» **What to do**
Without the pictures, set down every line of the data exactly.

» **Records from a dataset**
........
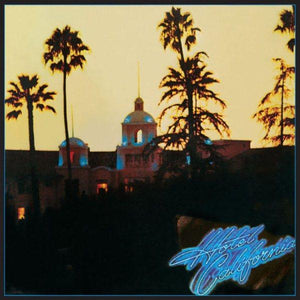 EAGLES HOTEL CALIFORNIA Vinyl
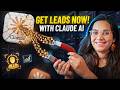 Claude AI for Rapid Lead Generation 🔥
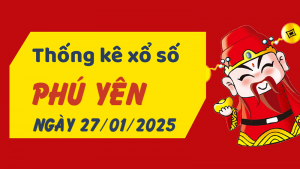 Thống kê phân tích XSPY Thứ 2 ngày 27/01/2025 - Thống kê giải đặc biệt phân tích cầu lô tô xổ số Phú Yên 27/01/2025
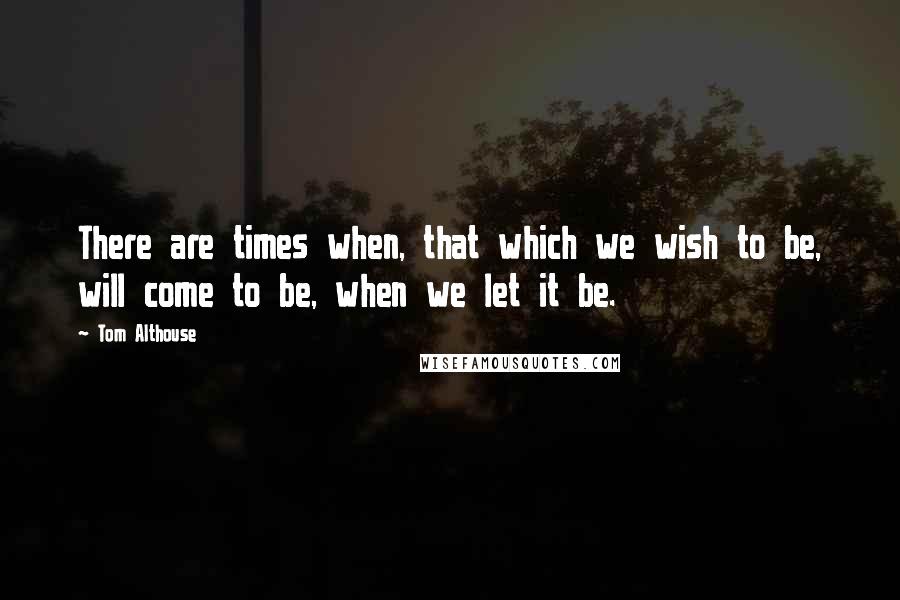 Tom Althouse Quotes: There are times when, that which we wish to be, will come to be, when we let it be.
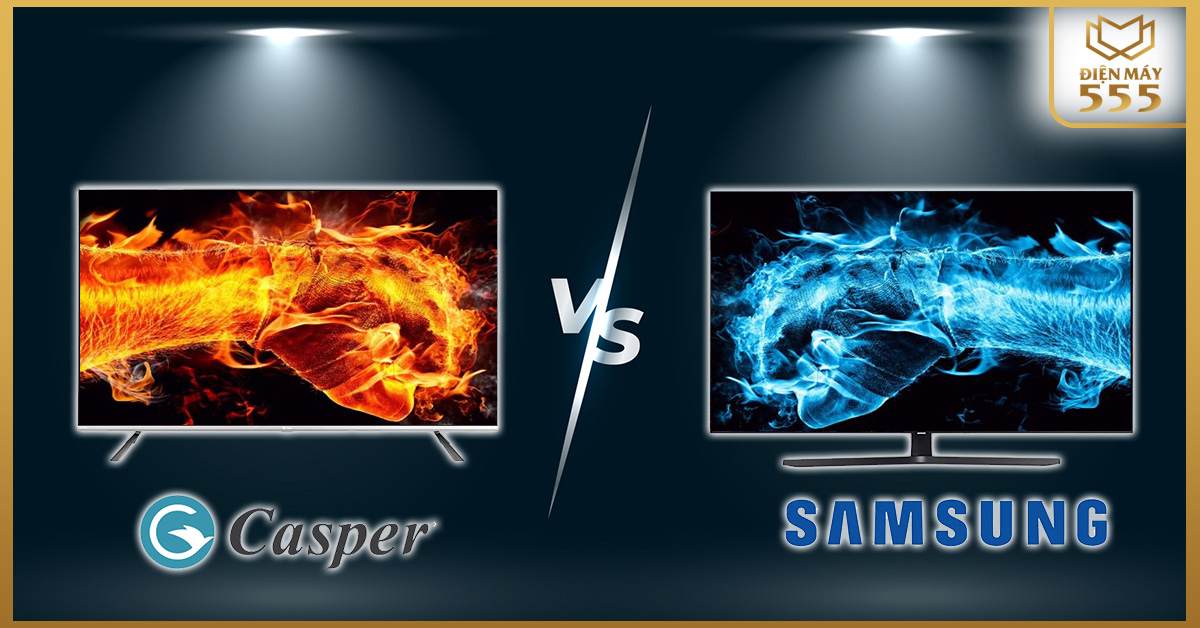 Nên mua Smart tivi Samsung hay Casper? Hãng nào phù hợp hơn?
........
» **Answer box**
 EAGLES HOTEL CALIFORNIA Vinyl
 Claude AI for Rapid Lead Generation 🔥
 Thống kê phân tích XSPY Thứ 2 ngày 27/01/2025 - Thống kê giải đặc biệt phân tích cầu lô tô xổ số Phú Yên 27/01/2025
 Tom Althouse Quotes: There are times when, that which we wish to be, will come to be, when we let it be.
 Nên mua Smart tivi Samsung hay Casper? Hãng nào phù hợp hơn?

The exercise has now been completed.